By KOHEI KONDO/ Staff Writer
November 15, 2021 at 18:17 JST
The heads of five major automakers pose for a photo shoot after a news conference at the Okayama International Circuit in Mimasaka, Okayama Prefecture, on Nov. 13. They include Akio Toyoda, president of Toyota Motor Corp., center, and Akira Marumoto, president of Mazda Motor Corp., far left. (Kohei Kondo)
Five major automakers are joining forces in a new pact to decarbonize their industry through developing cleaner engines and fuel sources.
Toyota Motor Corp., Mazda Motor Corp., Subaru Corp., Kawasaki Heavy Industries Ltd. and Yamaha Motor Co. announced on Nov. 13 that they would work to expand vehicle fuel options.
They vowed to cooperate on the research and development of new fuel sources that can replace gasoline and work to create a hydrogen engine that does not emit any carbon dioxide.

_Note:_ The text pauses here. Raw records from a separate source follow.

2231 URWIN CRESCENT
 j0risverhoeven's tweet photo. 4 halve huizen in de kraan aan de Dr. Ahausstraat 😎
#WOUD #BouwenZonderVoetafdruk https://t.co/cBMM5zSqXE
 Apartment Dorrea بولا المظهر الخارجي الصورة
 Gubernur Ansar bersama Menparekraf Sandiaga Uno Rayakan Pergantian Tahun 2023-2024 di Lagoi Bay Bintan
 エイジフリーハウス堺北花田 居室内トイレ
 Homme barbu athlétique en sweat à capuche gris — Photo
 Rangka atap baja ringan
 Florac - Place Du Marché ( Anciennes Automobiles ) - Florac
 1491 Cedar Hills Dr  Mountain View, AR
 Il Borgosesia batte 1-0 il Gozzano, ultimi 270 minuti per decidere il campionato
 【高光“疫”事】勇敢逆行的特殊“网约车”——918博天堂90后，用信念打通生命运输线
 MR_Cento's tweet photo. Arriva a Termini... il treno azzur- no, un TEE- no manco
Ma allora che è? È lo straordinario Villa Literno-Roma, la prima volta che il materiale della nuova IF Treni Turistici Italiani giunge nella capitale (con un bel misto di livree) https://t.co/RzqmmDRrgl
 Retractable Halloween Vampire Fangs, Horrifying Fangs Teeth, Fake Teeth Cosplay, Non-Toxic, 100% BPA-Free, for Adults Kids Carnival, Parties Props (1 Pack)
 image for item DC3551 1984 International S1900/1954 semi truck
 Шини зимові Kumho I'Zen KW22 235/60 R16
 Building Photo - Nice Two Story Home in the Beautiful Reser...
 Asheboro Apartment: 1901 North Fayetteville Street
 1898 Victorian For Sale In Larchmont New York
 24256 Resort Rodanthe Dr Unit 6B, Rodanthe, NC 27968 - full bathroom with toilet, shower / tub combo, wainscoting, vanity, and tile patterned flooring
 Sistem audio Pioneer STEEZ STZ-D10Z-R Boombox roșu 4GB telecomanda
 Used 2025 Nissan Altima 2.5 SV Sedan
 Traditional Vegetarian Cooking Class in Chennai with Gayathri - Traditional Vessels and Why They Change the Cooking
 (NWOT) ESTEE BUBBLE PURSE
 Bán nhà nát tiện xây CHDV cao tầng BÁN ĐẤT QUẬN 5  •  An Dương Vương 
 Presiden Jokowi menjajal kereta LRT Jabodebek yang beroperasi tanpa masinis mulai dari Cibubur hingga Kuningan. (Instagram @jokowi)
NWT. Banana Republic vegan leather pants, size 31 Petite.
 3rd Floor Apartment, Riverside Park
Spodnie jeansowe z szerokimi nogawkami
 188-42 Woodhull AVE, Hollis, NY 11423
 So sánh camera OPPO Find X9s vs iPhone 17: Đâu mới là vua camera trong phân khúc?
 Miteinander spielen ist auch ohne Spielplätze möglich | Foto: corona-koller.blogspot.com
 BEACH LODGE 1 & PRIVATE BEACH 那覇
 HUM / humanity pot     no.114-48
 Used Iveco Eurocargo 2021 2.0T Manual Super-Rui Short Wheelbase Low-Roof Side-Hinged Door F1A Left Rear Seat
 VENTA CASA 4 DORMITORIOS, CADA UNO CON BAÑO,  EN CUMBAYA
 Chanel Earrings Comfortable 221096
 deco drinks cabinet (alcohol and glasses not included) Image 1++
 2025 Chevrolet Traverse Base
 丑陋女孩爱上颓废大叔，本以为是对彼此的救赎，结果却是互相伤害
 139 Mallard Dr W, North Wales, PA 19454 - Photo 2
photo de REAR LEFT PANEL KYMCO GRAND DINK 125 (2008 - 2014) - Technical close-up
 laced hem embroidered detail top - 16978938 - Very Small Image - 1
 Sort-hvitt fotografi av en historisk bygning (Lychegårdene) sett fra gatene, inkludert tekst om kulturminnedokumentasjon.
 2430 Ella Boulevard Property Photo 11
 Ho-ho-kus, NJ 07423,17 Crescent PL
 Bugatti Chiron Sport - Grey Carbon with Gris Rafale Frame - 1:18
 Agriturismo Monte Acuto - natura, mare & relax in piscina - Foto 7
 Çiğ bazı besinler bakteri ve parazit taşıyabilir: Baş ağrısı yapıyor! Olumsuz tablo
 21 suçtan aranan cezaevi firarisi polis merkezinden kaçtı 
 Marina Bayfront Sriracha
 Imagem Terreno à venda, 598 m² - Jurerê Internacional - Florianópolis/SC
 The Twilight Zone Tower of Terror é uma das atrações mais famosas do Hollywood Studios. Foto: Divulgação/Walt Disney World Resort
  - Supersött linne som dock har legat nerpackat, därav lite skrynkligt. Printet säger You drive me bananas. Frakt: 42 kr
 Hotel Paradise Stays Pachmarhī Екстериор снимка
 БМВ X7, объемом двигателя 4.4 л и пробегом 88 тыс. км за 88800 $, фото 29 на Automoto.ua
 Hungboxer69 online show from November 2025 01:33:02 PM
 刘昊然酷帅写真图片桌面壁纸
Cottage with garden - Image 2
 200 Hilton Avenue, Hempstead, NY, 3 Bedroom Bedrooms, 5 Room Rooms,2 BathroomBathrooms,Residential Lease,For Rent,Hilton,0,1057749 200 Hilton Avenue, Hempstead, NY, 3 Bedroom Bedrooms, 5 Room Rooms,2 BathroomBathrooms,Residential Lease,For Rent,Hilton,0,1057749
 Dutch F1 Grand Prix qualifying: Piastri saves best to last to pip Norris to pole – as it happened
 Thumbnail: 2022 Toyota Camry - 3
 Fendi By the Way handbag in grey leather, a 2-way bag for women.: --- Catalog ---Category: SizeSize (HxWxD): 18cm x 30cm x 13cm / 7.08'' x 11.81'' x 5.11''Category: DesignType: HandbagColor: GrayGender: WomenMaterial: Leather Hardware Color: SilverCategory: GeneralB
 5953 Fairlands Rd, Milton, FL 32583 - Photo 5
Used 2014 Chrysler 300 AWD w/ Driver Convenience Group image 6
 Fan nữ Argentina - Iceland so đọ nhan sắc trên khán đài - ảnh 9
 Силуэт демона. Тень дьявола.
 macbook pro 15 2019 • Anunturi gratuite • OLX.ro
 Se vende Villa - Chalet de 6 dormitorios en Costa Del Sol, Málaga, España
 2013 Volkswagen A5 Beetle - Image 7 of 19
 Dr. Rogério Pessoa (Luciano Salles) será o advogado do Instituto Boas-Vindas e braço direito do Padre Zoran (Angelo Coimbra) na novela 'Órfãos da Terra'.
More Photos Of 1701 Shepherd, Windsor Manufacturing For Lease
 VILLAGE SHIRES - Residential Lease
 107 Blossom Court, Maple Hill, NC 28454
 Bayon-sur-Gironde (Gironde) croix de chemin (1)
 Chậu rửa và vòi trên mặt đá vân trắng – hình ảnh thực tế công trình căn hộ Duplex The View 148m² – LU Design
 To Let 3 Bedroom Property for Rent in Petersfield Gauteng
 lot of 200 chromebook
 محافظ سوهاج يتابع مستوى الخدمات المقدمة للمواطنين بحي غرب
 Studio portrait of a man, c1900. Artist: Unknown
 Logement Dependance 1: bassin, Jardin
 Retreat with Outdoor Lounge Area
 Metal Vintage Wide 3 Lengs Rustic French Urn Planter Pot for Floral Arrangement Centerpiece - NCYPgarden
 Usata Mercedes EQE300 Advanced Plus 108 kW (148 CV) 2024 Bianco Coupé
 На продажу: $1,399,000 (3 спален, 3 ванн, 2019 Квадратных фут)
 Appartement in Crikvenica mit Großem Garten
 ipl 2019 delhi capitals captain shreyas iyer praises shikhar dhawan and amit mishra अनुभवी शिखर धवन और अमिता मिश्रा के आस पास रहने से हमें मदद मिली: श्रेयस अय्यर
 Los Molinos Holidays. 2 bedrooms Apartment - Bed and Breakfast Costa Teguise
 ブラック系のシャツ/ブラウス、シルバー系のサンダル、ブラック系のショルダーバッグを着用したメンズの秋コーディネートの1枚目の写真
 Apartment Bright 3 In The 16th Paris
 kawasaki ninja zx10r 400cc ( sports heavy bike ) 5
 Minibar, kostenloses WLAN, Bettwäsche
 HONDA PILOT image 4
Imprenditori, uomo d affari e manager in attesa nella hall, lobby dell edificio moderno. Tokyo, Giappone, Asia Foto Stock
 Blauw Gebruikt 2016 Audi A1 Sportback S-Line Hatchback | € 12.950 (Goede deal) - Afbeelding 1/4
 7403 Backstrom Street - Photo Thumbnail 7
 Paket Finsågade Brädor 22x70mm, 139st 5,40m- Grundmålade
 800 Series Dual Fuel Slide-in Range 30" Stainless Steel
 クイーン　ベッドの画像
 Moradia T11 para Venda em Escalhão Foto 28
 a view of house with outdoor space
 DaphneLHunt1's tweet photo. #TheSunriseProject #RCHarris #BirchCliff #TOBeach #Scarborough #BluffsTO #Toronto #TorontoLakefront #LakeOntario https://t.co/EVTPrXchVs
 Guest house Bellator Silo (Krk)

The new effort comes as the entire auto industry looks to shift from gas-powered engines and ramp up the production of electric vehicles as the planet comes increasingly under threat from climate change.
The presidents of the five companies made the announcement at a joint news conference held at the Okayama International Circuit in Mimasaka, Okayama Prefecture.
“Our enemy is carbon,” Akio Toyoda, president of Toyota Motor, emphasized at the news conference. “There is a way for engines, too, to survive and develop.”
Toyota and Subaru will take part in next year’s Super Taikyu endurance races by using combustion engine cars that run on synthetic fuel derived from biomass. Toyota will also continue taking part with hydrogen engine vehicles.
Mazda will enter the race with a vehicle running on biofuel that consists of microalgae called euglena.
The automakers intend to identify potential engine- and fuel-related issues that could emerge by entering the cars in races where they will be put to the test under severe driving conditions.
Kawasaki and Yamaha will begin joint research into hydrogen engines for motorbikes, with Honda Motor Co. and Suzuki Motor Corp. also expected to join this initiative.
The Japanese government and the major automakers did not sign onto a declaration at the COP26 U.N. Climate Summit pledging to work toward making all new car sales worldwide zero-emission vehicles by 2040.
Toyota said it did not sign the document because the company believes some countries and regions will take more time to transition to zero-emission vehicles and that there is more than one road to decarbonization.